La fonction du législateur est de transformer les contingences de l'histoire et de la géographie en geste d'une nation : Rousseau prescrit
aux Polonais de « graver » l'époque de la confédération de Bar, qui a illustré la capacité de résistance de la Pologne à l'envahisseur russe,
« en caractères sacrés dans tous les cœurs Polonois » ; il faut ériger un monument en son honneur ; instituer une fête périodique
pour en rappeler le souvenir, « avec une pompe non brillante et frivole, mais simple, fière, et républicaine » (Gouvernement de Pologne, 961),
et les familles de ceux qui s'y sont illustrés doivent être honorées. La volonté générale se trouve ici rattrapée, pourrait-on dire, par les circonstances
particulières de l'histoire, qui lui donnent sa coloration nationale spécifique.

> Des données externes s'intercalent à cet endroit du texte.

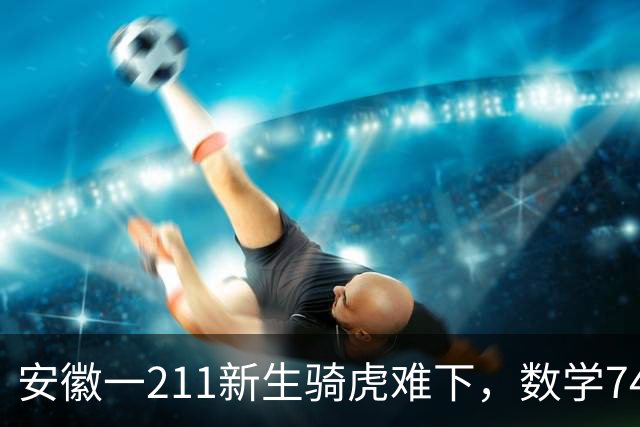 安徽一211新生骑虎难下，数学74分读经济学专业，一点也学不进去，如何是好？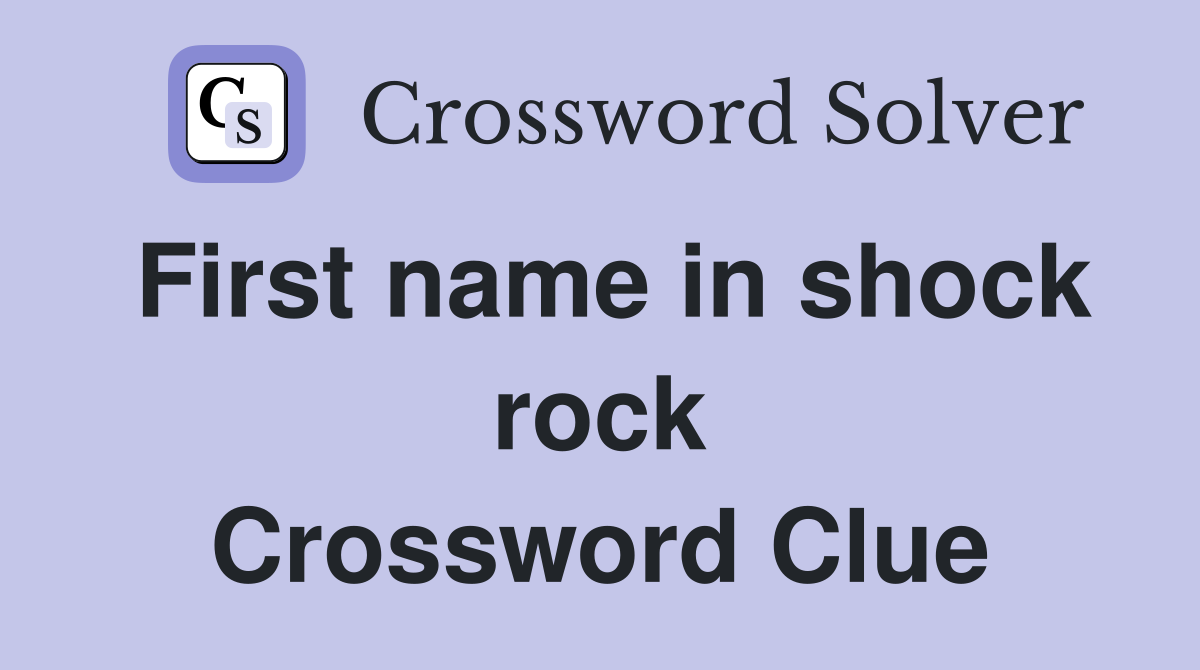 First name in shock rock Crossword Clue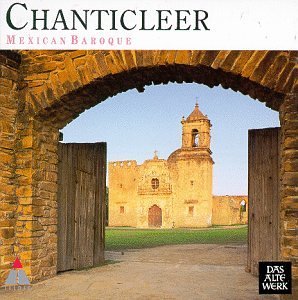 Chanticleer/Mexican Baroque@Chanticleer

On pourra s'interroger sur le sens, pour nous aujourd'hui, de la déploration
rousseauiste : « Il n'y a plus aujourd'hui de François, d'Allemands, d'Espagnols, d'Anglois même, quoiqu'on en dise ; il n'y a que des
Européens. Tous ont les mêmes goûts, les mêmes passions, les mêmes mœurs, parce que aucun n'a reçu de forme nationale par une institution particulière. »
(Gouvernement de Pologne, 960).
La description des institutions qui permettent à la volonté générale de faire exister un peuple ne serait pas complète si l'on omettait le rôle de l'éducation,
nécessairement, là encore, nationale : « C'est ici l'article important. C'est l'éducation qui doit donner aux âmes la force nationale, et diriger
tellement leurs opinions et leurs goûts, qu'elles soient patriotes par inclination, par passion, par nécessité. » (Gouvernement de Pologne, 966).
Tout se passe comme si la condition pour former des hommes destinés à être libres, c'est-à-dire à obéir à la loi commune, était un sens aigu de la grandeur
de la nation ; comme si, pour obéir à une loi, il fallait que cette dernière soit la loi des Polonais, des Corses ou des Russes. Ce point n'est
pas évident, et l'on peut avoir le sentiment que Rousseau cède par anticipation à un romantisme nationaliste dont l'histoire des XIXe et XXe siècles
a montré les conséquences désastreuses. Il convient, toutefois, de bien préciser les choses : s'il est vrai que l'institution d’un peuple suppose
de la part de son législateur une institution symbolique dont il connaît lui-même les limites, puisque c'est sciemment qu'il institue un rituel et une
histoire officiels de la nation, il n'en est pas moins vrai que les événements qu'il propose à la remémoration de son peuple ne sont pas choisis au hasard,
mais parce qu’ils illustrent l'attachement des citoyens à une forme politique permettant l'expression de leur volonté de vivre ensemble sous la conduite
de la volonté générale.
La commémoration exprime en ce sens la nature générale du pacte qui régit l'association politique à travers l'exaltation des actes singuliers ayant contribué
à son maintien. S'il ne saurait y avoir de volonté générale sans patriotisme, c'est uniquement dans la mesure où le patriotisme est fondé sur la volonté
de maintenir des institutions politiques qui ont pour finalité d’exprimer la volonté générale. Des institutions politiques – lois, commémorations,
autorités civiles, éducation – qui ne seraient pas conformes à la volonté générale ne seraient pas légitimes. S’il est donc vrai que la volonté
générale a besoin d'institutions particulières pour s'exprimer, il est tout aussi vrai que les institutions politiques ont besoin d'être guidées par
un sens aigu de l'intérêt général.
Références bibliographiques
Rousseau, Œuvres complètes, t. III, Du contrat social. Écrits politiques, Paris, Gallimard, Bibliothèque de La Pléiade, 1964.